Fitness Carter

Monday, November 25, 2013

Sixers benefitting from Brown's focus on fitness - Comcast SportsNet Philadelphia

The ongoing theme with the Sixers when asked about their Maine-born coach with the thickest of New England accents is that Brett Brown speaks nonstop about “career-best fitness.”


While that phrase might have been annoying at first to Brown’s players, that is no longer the case. The Sixers are clearly reaping the benefits of the head coach’s hard stance on being in shape.


“First we had to do a conditioning test and then we had to drop weight,” said Evan Turner, who is down nine pounds and 2½ percent body fat. “He told us what weight he wanted us to be at. He was kind of nice about it, but he wasn’t if you didn’t hit that weight number. That was key.”


Turner admitted that his clothes now fit better and it is easier to compete in back-to-back games.


For a guy like Tony Wroten, who is in just his second NBA season, Brown’s approach is what the guard grew accustomed to in college at Washington.


“In college, you run around and do a lot of conditioning,” Wroten said. “When I first got here, not only did the coach e-mail me about it but also the strength and conditioning coaches, what summer was going to be like and this is what we are going to do.


“I knew they were serious. At the time, I was like what is this? This is like college, but Coach always says it is going to pay off in the long run and it has. We can run at the end of games. We are still pacing, so working on it in the summer helped a lot.”


Wroten isn’t just drawing on his own experiences out on the court. He has also witnessed the impact of the Sixers’ focus on fitness in his teammates.


“In film the other day, in the fourth quarter you see Mike [Carter-Williams] picking up full court,” said Wroten, who missed Saturday’s game with back spasms. “In the NBA, no one plays full court at all, but for him to be able to do that in the fourth when we only had seven, eight people and he had played a lot of minutes [was key]. It showed the little things.


“Sometimes teams will say to us, ‘Are you guys ever going to stop running?’ And they are serious, but at the end of the day we are going to keep running, keep running and keep running.”


Against the Pacers on Saturday night with Wroten, Spencer Hawes and Thaddeus Young all out of action, Carter-Williams played 38 minutes, the rookie point guard’s career high for a regulation game. MCW’s full-court ball pressure went a long way in getting him seven steals to go with his career-high 29 points.
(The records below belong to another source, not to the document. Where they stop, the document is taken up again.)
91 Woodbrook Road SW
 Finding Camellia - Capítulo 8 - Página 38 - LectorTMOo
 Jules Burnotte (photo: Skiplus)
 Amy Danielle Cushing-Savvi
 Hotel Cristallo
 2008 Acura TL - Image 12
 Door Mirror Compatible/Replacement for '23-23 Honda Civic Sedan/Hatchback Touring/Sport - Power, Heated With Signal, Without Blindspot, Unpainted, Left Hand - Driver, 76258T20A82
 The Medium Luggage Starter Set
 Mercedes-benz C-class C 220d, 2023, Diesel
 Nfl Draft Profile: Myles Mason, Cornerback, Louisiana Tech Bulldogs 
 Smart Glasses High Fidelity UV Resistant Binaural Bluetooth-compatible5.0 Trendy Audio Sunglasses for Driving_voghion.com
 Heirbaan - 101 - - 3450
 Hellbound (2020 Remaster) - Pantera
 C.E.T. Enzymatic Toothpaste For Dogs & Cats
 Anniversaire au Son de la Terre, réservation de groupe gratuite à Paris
The Sixers’ ability to keep their foot on the gas is reflected in their pacer (102.4 possessions per game) and their fast-break points (18.3 points per game).


Brown stresses that what the Sixers are doing with fitness is not groundbreaking. He says the NBA’s 29 other teams implement the same mentality but maybe not as strongly.


“It is all about recovery,” Brown said. “Playing 82 games, back-to-back games, how do you back it up? What do you do on a plane if you are flying? It is the people who take care of their bodies and are prideful with their diet, nutrition and hydration and massages and ice down.


“All the programs do it, so it isn’t like we found something tricky. We just want to be responsible with it and proactive with it.”


“He just puts a little more emphasis on it,” Hawes said. “Especially the little stuff like getting in your massages, getting off your feet when you have an opportunity to, nutrition, career-best fitness. It is big for him and I think guys have responded to it.”